◆ Aim of the task ◆
Please reply with one number only: how many lines in the entries below contain the string "Image".

◇ ◇ ◇ ◇ ◇ ◇ ◇

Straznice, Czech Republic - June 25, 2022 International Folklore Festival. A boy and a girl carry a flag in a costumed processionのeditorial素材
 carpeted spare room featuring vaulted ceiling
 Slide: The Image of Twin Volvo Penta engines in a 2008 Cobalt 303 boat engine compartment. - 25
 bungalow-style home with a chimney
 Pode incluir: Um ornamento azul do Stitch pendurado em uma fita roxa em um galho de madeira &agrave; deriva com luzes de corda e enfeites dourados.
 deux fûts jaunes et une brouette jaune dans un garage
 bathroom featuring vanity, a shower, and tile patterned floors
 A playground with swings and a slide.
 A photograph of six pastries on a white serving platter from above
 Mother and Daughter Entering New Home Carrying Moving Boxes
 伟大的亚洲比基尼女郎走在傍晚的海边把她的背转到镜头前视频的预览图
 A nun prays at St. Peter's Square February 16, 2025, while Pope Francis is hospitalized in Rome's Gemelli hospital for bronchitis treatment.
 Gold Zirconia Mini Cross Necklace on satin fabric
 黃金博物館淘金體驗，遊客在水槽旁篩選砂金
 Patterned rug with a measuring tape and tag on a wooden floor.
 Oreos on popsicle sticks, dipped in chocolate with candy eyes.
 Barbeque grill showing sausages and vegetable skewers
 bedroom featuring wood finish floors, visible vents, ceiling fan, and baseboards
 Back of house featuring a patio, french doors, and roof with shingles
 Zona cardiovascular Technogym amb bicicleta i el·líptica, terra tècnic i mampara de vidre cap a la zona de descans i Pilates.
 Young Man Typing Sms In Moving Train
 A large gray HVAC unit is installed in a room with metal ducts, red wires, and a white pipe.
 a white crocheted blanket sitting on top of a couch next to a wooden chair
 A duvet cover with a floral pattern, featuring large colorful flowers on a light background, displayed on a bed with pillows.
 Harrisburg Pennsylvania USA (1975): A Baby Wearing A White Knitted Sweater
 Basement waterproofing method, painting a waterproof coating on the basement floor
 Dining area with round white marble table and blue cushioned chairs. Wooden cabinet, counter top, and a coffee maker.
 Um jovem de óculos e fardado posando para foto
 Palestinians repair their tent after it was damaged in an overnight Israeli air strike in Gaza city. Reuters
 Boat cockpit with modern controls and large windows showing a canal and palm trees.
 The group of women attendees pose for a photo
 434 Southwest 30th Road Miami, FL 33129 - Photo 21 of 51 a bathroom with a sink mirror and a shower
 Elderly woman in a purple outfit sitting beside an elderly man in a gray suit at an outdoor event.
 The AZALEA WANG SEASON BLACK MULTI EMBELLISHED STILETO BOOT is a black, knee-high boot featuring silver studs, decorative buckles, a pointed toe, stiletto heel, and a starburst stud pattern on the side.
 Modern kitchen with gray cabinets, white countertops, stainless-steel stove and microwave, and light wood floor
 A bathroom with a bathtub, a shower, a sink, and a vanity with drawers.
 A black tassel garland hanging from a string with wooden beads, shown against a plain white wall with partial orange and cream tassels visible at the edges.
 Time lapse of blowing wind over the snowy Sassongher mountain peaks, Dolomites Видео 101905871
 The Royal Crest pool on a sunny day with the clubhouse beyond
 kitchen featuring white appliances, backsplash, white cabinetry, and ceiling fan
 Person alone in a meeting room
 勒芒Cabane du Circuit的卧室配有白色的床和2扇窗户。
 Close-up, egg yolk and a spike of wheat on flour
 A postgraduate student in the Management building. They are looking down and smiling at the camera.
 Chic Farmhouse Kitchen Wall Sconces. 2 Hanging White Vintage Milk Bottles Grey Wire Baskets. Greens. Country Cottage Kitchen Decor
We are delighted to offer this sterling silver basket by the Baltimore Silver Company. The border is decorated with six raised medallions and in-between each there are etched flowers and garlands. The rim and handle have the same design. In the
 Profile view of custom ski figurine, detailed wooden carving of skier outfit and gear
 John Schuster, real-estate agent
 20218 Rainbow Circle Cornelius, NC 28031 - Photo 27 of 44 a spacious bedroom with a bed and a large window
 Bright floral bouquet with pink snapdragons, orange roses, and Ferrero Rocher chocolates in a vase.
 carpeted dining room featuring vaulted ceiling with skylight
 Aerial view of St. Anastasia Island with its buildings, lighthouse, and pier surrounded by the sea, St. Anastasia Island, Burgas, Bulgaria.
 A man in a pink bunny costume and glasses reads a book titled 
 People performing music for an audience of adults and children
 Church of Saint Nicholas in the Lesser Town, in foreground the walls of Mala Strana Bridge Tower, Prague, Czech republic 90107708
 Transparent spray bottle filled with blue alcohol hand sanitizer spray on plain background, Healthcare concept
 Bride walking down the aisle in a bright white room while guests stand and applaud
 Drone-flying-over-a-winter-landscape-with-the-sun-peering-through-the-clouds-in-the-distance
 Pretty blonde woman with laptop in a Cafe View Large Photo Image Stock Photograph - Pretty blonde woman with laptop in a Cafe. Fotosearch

◇ ◇ ◇ ◇ ◇ ◇ ◇

◆ Written solution ◆
2